# The Inanity of Programming Language Benchmarks

Will Crichton   —   September 18, 2018
Programming language performance benchmarks track the maximum performance of a program, when really we also care about how long it takes to get there.

Software is rarely static. Over time, requirements change, designs improve, features come and go, and the program must gradually evolve as the world changes around it. A fundamental utility of a programming language is to provide tools that improve productivity when evolving software. From a correctness standpoint, this is a major use of static typing—refactors become way less scary when the compiler will let you know if you accidentally typo’d a variable name, or passed a bad parameter to a function, and so on.

To evaluate the utility of a programming language, then, it makes sense to think not in terms of absolutes, but deltas. For scripting languages, this doesn’t make a difference since scripts usually start from zero anyway. That’s why library support and fast iteration times are important for productivity in scripts. For systems languages, the delta is more often against an existing system than starting from scratch.
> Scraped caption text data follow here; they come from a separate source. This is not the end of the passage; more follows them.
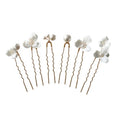 Lovely Cute Ceramic Flower Shell Pearl Floral Hair Pin and Earring Set Accessories Bridal Hair Jewelry  for Wedding Women Girls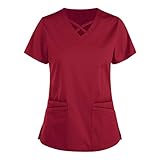 Sonojie Kasack Damen T-Shirts, Lady-Fit T-Shirt Bunt Pflege große größen mit Herz Motiv Weihnachten T-Shirt Schlupfkasack mit Taschen Kurzarm V-Ausschnitt Schlupfhemd Berufskleidung Krankenpfleg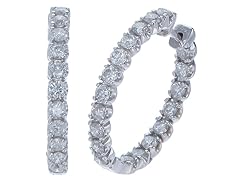 3.38 CT Diamond Earrings 14K White Gold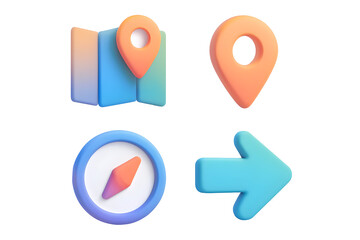 Navigation Set Map, Pin, Compass, Arrow. Isolated 3D render against black background. UI element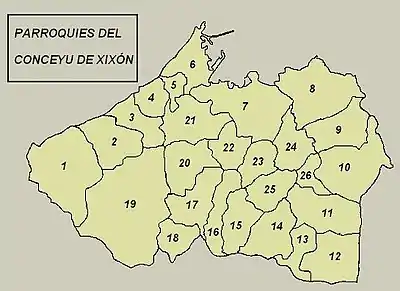 Mapa coles parroquies de Xixón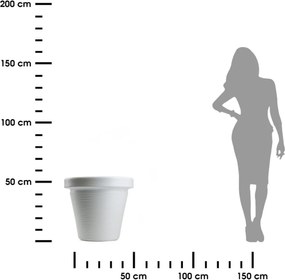 PLASTOVÝ KVETINÁČ SRTIA RIFLO 55X48 CM BIELA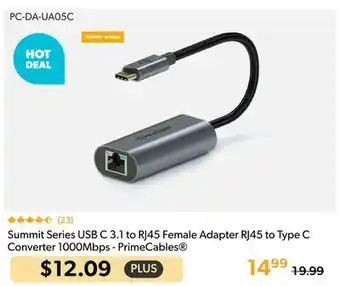 Shopper+ Summit Series USB C 3.1 to RJ45 Female Adapter RJ45 to Type C Converter 1000Mbps - PrimeCables offer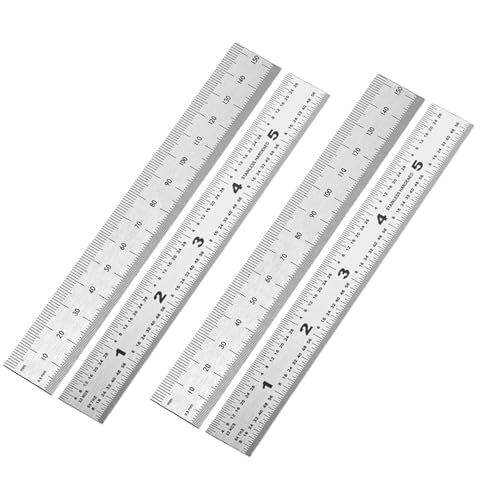 6 Inch Machinist Ruler, 4-Pack Stainless Steel Precision Scale Ruler with Inch/Metric Etched Markings, Dual Side Measuring Rule for Engineers, Drafting, Woodworking - style: 6 Inch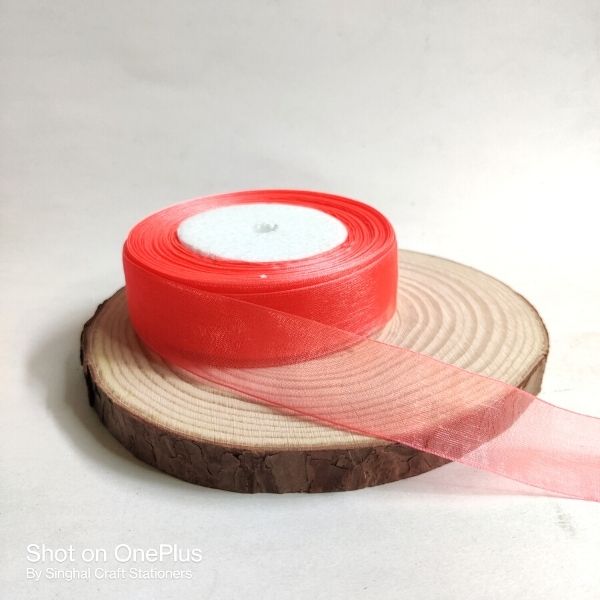 Organza ribbon 1 inch - Neon Orange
However, programming language benchmarks take a static view of the world. They say, given a target application, what is the fastest possible implementation of it in a programming language? Benchmarks are often debated on the axis of complexity: is the example too toy to mean anything, or indicative of real workloads? Instead, I want to contest the utility of benchmarks on the axis of time: performance benchmarks should measure how long it takes to improve the performance of a program, not just the program’s maximum performance.

Now, that sounds a bit crazy—how can we possibly test that in a controlled way? And why would we have benchmarks that involve humans, I thought the point was to get rid of those? Yes, there are a lot of problems, and in general human-centric studies of programming language use still have a long way to go. But I want to share a cool example from a paper in my group at Stanford.

Halide is a programming language for efficient image and tensor processing. It’s a neat research project (now a production language!) that defines a DSL for specifying computations on tensors, and then mapping those computations to hardware through “schedules.” An example from their homepage:

Func blur_3x3(Func input) {
Func blur_x, blur_y;
Var x, y, xi, yi;

// The algorithm - no storage or order
blur_x(x, y) = (input(x-1, y) + input(x, y) + input(x+1, y))/3;
blur_y(x, y) = (blur_x(x, y-1) + blur_x(x, y) + blur_x(x, y+1))/3;

// The schedule - defines order, locality; implies storage
blur_y.tile(x, y, xi, yi, 256, 32)
.vectorize(xi, 8).parallel(y);
blur_x.compute_at(blur_y, x).vectorize(x, 8);

return blur_y;
}


It turned out that writing schedules is hard, so my colleague Ravi set out to write an auto-scheduler, culminating in Automatically Scheduling Halide Image Processing Pipelines (SIGGRAPH 2017). To evaluate whether his automatic scheduling algorithm was any good, he ran a study to compare it against the hand-crafted schedules of expert Halide users. Importantly, he measured not just the max speed of their best schedule, but how long it took them to get there. As you can see in the figure, he showed that the two expert programmers took hours to get close to the performance that he could get instantly.

The moral of the story is that I think this kind of combined benchmark/user-study could tell us a lot more about the utility of programming languages than just highly-optimized benchmarks. On one hand, I suspect that it probably takes a decent amount of effort to make a program written in a low-level language that much faster than a high-level one with an optimized runtime. On the other hand, when performance really matters, it will probably take less time to maximize the performance of a low-level program with strict control of the hardware than a high-level program at the mercy of a JIT.